/INPIPE - Connect_ETL - 9.13

Connect ETL Data Transformation Language (DTL) Guide

Product type
Software
Portfolio
Integrate
Product family
Connect
Product
Connect > Connect (ETL, Sort, AppMod, Big Data)
Version
9.13
ft:locale
en-US
Product name
Connect ETL
ft:title
Connect ETL Data Transformation Language (DTL) Guide
Copyright
2023
First publish date
2003
ft:lastEdition
2023-09-11
ft:lastPublication
2023-09-11T19:01:45.019000

Purpose

The /INPIPE option defines a pipe as a source of records.

Format

/INPIPE pipe_identifier [ALIAS alias] pipe_type [pipe_attribute …] [record_limit …] [record_layouts]
where
pipe_identifier = {pipe_name } {task_alias PREVIOUSTASK} {pipe_descriptor OPEN } {— }
pipe_type = {STREAM CRLF } {STLF } {STCR } {FIXED record_length [record_alignment] } {VARIABLE [LITTLEENDIAN] [record_alignment]} {VARIABLE DISTRIBUTABLE } {MAINFRAME FIXED record_length } {MAINFRAME FTPBINARY } {MAINFRAME VARIABLE [BLOCKED] } {MAINFRAME VARIABLE DISTRIBUTABLE } {FORTRANUNFORMATTED }
record_alignment = {ALIGNED2 } {ALIGNED4 } {UNALIGNED}
pipe_attribute = {compress_attribute} {encoding_attribute} {field_delimiters }
compress_attribute = {COMPRESSED } {UNCOMPRESSED}
encoding_attribute = [BOM] [ENCODING encoding|character_set]
field_delimiters = FIELDSEPARATOR field_separator [ENCLOSEDBY leading_character [,trailing_character]]
field_separator = {separator } {UNIXSORTDEFAULT} {NONE }
record_limit = {FDISCARDFIRST num_records} {FDISCARDAFTER num_records} {FDISCARDBLANK } {FDISCARDSHORT min_length }
record_layouts =

LAYOUT {layout_info } {(layout_info [, layout_info …])}

layout_info = layout_name [ALIAS layout_alias]

Arguments

pipe_name

The pathname of the local or remote named pipe that provides input records to the task.
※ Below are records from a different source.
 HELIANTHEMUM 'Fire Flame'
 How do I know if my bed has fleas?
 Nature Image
On windows systems, this is specified as \\<server>\pipe\<actual_pipe_name>. For details on specifying a file path, see File Name and Syntax Requirements.

task_alias The alias or task name of a previous task, which provides input records to the current task.
pipe_descriptor The descriptor of the open pipe, which provides input records to the task.
Indicator for standard input. Tells dmexpress that the source records are piped from standard input.
alias

A name you assign to the pipe, and which you will use to refer to the pipe in other dmexpress options.
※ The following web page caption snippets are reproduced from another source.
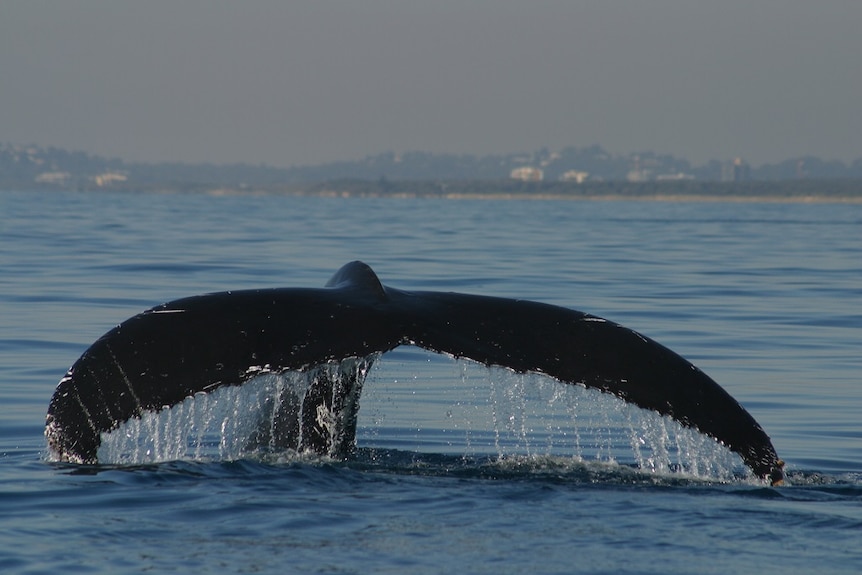 The classic 'fluke up dive', where the whale lifts its fluke (tail) out of the water before diving deep into the ocean.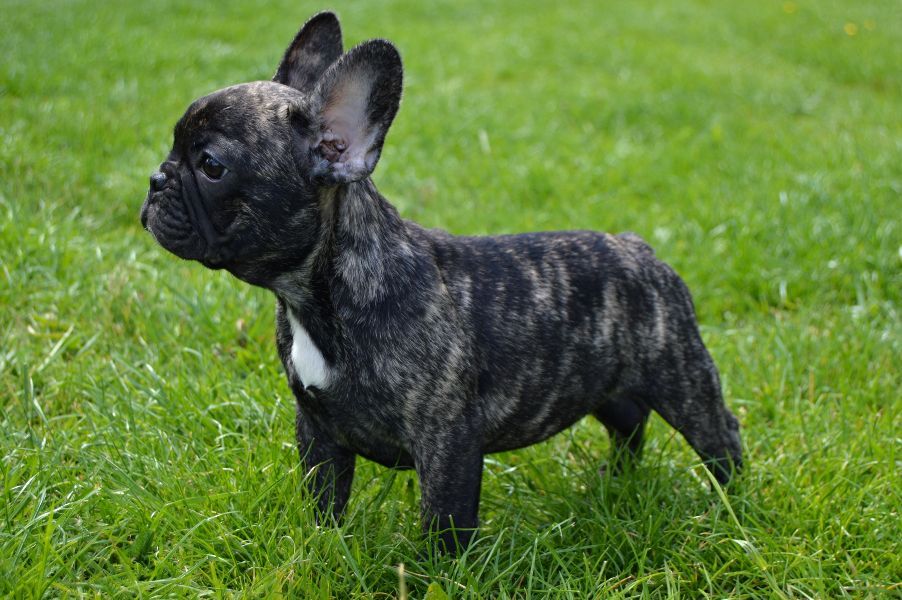 French Bulldog puppies with pedigree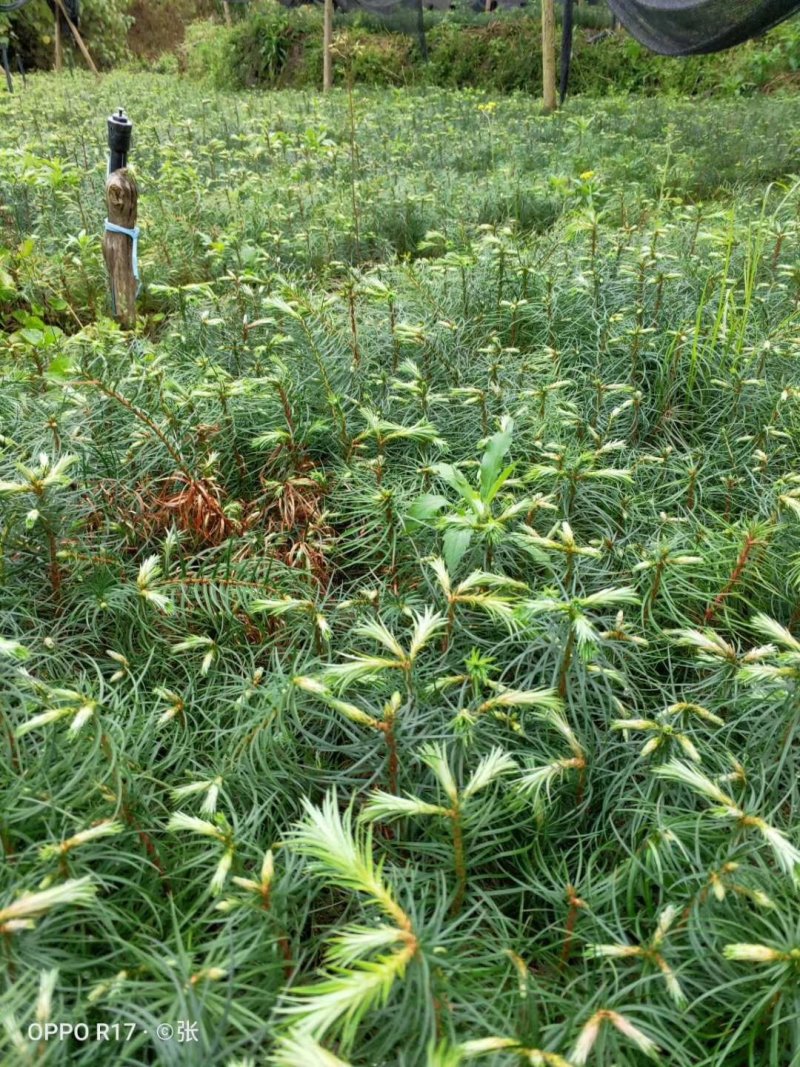 一年生杉树苗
The name assigned to a pipe must adhere to the rules described for an identifier. For a summary of valid naming and formatting conventions for identifiers and constants, see Syntax reference in the Connect help.

record_length The length in bytes associated with the following /INPIPE record type clauses: FIXED, MAINFRAME FIXED.
encoding

The encoding argument can be used for encoding a text field of data with one of the following built-in character sets: ASCII, EBCDIC, Locale, UTF-8, UTF-16, UTF-16BE, UTF-16LE, UTF-32, UTF-32BE, or UTF-32LE.

Note: When Locale is specified, the encoding used is that which is defined by the system locale where dmexpress runs.

This encoding value can be specified as a built-in character set keyword without quotes or as a string as outlined in File Name and Syntax Requirements.

For additional information, see the following Connect help topics: "Data encoding" and "Text data type."

character_set

The character_set argument can be used for encoding a text field of data with one of the ICU library character sets.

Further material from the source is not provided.